------ DATA SHOWN

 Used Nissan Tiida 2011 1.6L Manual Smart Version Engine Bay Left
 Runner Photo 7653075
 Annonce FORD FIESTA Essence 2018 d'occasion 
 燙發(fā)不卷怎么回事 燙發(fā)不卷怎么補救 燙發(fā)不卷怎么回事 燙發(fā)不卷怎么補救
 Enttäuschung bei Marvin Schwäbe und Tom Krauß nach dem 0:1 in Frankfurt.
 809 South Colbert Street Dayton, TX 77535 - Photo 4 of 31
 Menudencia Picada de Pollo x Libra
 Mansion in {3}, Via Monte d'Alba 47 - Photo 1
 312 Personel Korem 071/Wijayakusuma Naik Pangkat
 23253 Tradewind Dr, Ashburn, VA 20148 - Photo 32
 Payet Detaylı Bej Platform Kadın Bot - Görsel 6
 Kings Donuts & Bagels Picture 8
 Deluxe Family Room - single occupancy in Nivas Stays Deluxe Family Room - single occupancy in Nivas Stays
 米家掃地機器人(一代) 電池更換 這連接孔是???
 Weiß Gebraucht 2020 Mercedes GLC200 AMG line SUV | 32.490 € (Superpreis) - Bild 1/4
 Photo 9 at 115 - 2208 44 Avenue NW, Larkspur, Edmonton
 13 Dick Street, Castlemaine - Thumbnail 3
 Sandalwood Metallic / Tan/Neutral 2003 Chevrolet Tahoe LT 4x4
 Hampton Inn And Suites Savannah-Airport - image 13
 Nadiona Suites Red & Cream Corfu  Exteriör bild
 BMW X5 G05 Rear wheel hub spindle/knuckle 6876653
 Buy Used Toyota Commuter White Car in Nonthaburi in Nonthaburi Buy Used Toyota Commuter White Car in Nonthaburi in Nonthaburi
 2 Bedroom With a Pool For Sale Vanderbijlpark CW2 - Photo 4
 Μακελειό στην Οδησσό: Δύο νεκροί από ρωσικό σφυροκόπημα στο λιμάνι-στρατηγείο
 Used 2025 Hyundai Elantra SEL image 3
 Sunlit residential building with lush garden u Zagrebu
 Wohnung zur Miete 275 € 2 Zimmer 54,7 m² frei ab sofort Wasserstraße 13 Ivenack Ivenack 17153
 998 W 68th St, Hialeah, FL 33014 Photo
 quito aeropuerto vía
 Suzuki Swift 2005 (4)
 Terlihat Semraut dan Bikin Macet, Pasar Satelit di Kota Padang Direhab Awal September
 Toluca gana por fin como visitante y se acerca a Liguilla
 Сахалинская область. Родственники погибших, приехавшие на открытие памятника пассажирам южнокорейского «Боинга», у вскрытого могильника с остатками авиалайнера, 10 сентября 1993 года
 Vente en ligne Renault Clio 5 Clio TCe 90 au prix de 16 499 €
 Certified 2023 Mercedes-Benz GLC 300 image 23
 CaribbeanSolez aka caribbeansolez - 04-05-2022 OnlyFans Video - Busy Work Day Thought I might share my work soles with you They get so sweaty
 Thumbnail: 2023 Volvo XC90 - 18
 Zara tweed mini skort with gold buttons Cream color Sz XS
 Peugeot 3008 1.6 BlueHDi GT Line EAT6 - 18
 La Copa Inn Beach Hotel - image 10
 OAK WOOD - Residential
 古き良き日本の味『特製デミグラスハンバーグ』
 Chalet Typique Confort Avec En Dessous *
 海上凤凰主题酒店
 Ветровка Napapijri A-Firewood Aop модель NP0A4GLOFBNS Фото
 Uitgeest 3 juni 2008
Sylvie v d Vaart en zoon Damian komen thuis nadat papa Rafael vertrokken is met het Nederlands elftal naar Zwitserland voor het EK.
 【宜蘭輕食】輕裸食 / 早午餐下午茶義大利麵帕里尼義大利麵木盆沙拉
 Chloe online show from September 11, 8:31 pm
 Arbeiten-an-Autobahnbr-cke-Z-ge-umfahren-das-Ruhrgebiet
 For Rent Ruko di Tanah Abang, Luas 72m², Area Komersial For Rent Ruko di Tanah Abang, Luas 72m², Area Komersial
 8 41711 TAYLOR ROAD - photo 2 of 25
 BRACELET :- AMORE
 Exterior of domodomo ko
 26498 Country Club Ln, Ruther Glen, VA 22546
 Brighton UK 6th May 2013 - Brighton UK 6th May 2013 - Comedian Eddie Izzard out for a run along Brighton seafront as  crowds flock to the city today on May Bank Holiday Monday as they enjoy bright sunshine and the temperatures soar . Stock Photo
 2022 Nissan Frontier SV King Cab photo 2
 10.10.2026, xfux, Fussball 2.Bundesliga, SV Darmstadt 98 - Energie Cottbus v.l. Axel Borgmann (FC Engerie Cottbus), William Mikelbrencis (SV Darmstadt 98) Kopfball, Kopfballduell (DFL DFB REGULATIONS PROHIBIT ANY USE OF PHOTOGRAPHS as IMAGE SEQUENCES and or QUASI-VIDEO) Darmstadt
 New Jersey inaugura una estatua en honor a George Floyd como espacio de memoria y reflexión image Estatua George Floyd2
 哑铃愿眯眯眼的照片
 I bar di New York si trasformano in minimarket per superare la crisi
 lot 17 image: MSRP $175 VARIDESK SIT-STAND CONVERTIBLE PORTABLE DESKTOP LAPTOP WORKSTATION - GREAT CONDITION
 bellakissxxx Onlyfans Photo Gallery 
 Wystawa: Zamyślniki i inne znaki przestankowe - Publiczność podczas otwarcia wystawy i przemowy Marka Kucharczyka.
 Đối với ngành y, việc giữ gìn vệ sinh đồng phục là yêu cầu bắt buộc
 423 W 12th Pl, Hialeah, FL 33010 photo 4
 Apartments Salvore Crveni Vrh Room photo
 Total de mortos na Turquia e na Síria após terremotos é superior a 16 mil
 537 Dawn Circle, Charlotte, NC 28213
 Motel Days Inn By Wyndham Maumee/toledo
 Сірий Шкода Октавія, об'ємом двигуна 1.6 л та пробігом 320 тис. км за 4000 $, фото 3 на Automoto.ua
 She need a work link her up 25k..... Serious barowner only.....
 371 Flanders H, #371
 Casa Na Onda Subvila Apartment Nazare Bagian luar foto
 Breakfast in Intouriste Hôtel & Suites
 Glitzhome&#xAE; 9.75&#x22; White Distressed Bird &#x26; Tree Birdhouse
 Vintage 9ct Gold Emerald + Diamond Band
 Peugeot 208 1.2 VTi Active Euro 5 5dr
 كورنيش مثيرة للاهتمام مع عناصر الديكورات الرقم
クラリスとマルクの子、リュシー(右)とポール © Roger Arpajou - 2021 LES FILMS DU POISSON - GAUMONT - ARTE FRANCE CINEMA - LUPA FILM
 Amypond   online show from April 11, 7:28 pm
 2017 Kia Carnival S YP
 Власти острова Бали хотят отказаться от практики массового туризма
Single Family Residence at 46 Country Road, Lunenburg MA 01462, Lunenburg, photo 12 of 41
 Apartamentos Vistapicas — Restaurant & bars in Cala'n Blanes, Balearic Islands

------------

* EXERCISE DETAILS *
What lines in the data above carry "White"? Return them all.

* EXERCISE OUTPUT *
 Buy Used Toyota Commuter White Car in Nonthaburi in Nonthaburi Buy Used Toyota Commuter White Car in Nonthaburi in Nonthaburi
 Glitzhome&#xAE; 9.75&#x22; White Distressed Bird &#x26; Tree Birdhouse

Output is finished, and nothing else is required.